* [Raw data]
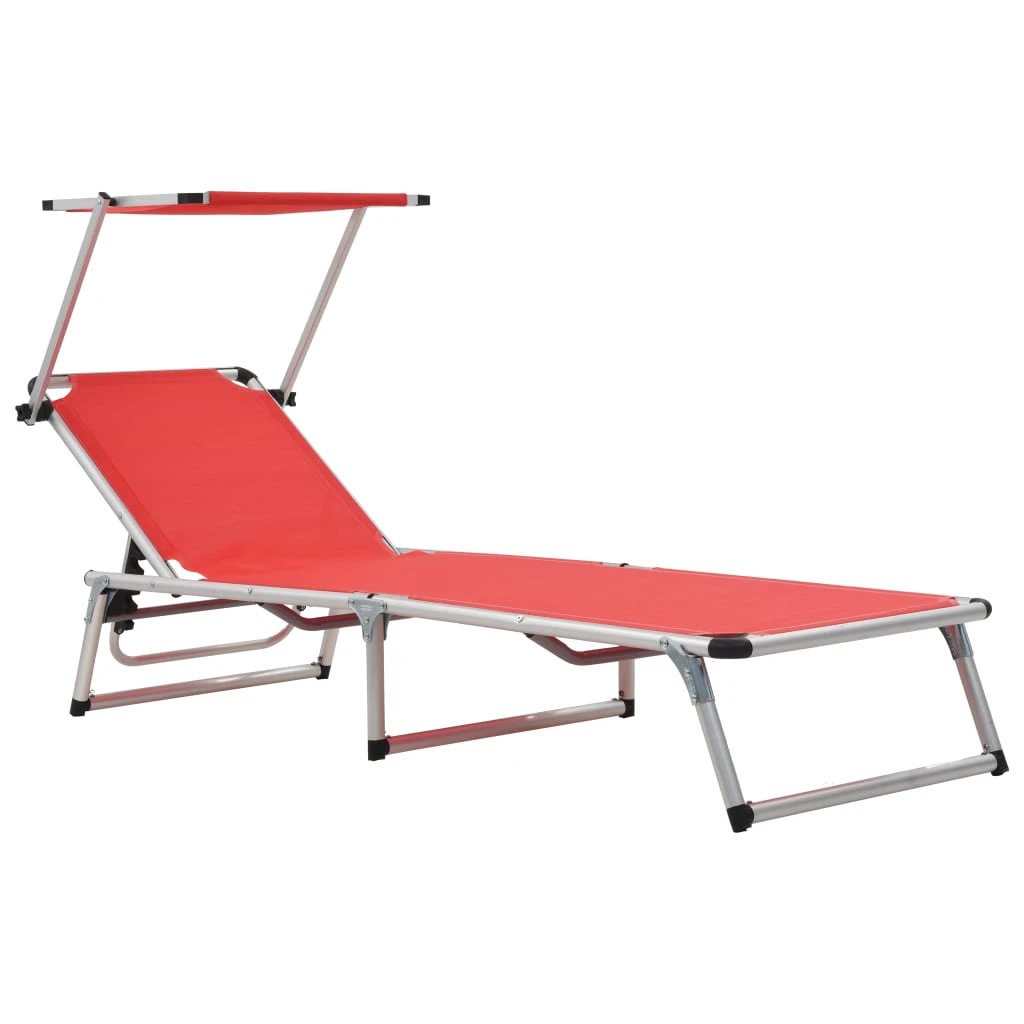 vidaXL vidaXL Folding Sun Lounger with Roof Aluminium and Textilene Blue - Sun Lounger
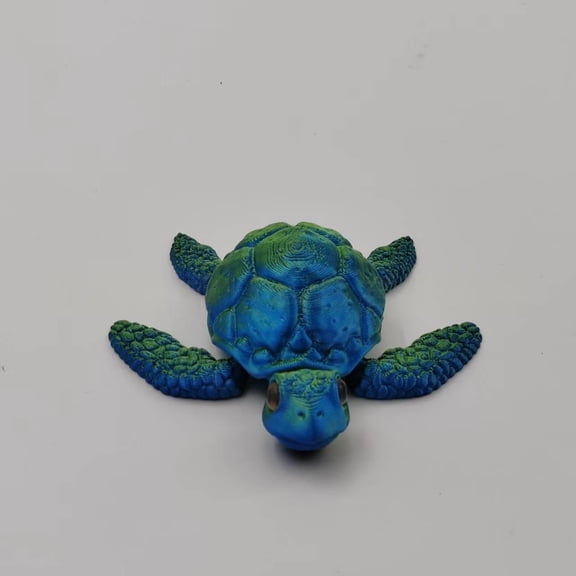 1PC green blue 7CM 3D Printed Jointed Turtle Figurine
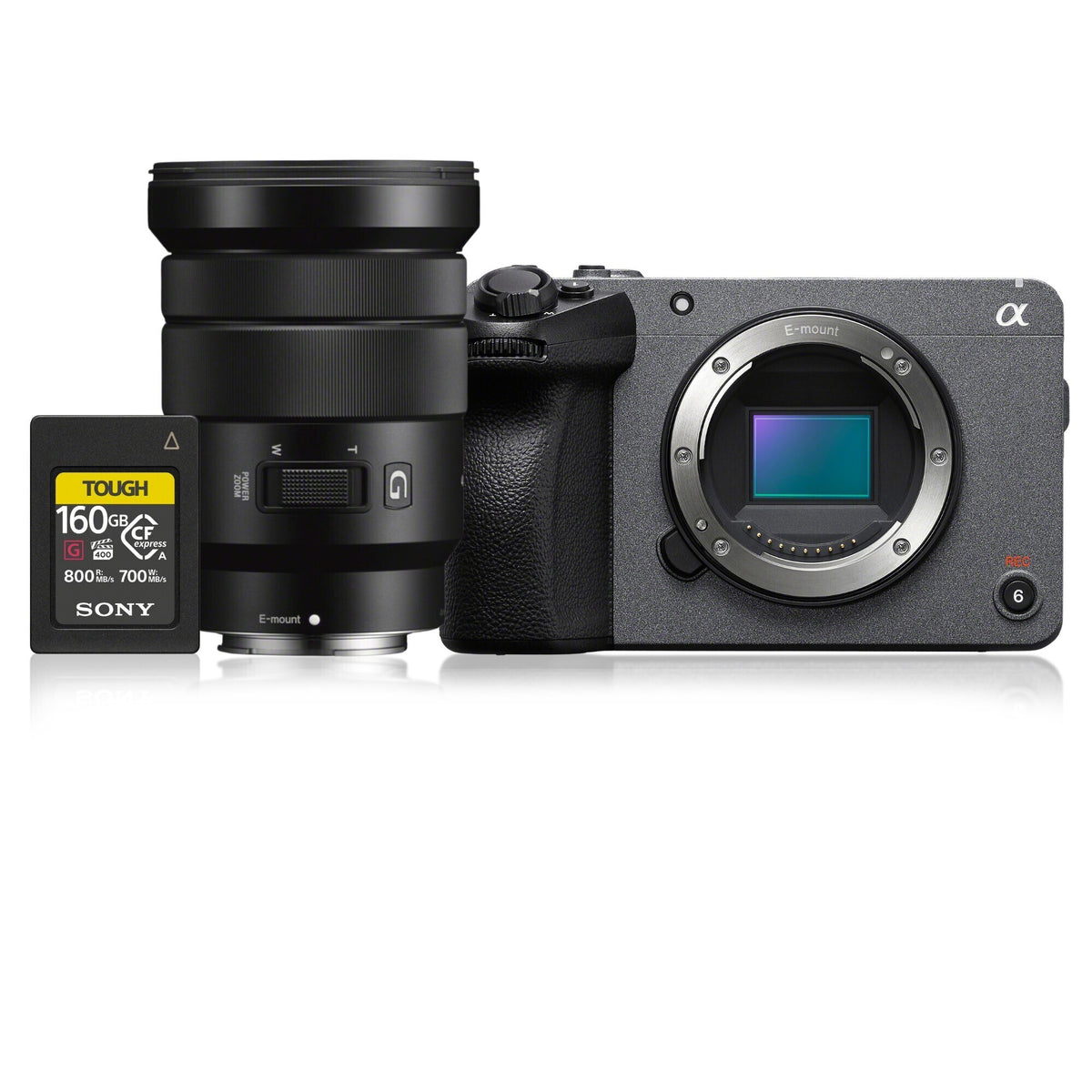 Sony Cinema Line FX30 Super 35 Camera (Body Only) with Power Zoom Lens and Memory Card Bundle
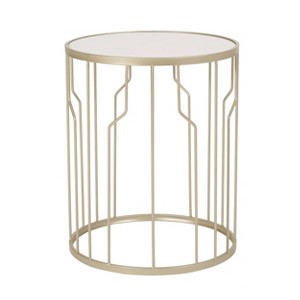 Redden Modern Glam Faux Marble Side TableWhite/Champagne Silver - Christopher Knight Home: Elegant Iron Frame, No Assembly Required - 1 of 4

* [Activity] Drop the pictures, then write out only the lines running from the one containing "Sony Cinema Line" through the last line above, both included, exactly.

* [Task answer]
 Sony Cinema Line FX30 Super 35 Camera (Body Only) with Power Zoom Lens and Memory Card Bundle
 Redden Modern Glam Faux Marble Side TableWhite/Champagne Silver - Christopher Knight Home: Elegant Iron Frame, No Assembly Required - 1 of 4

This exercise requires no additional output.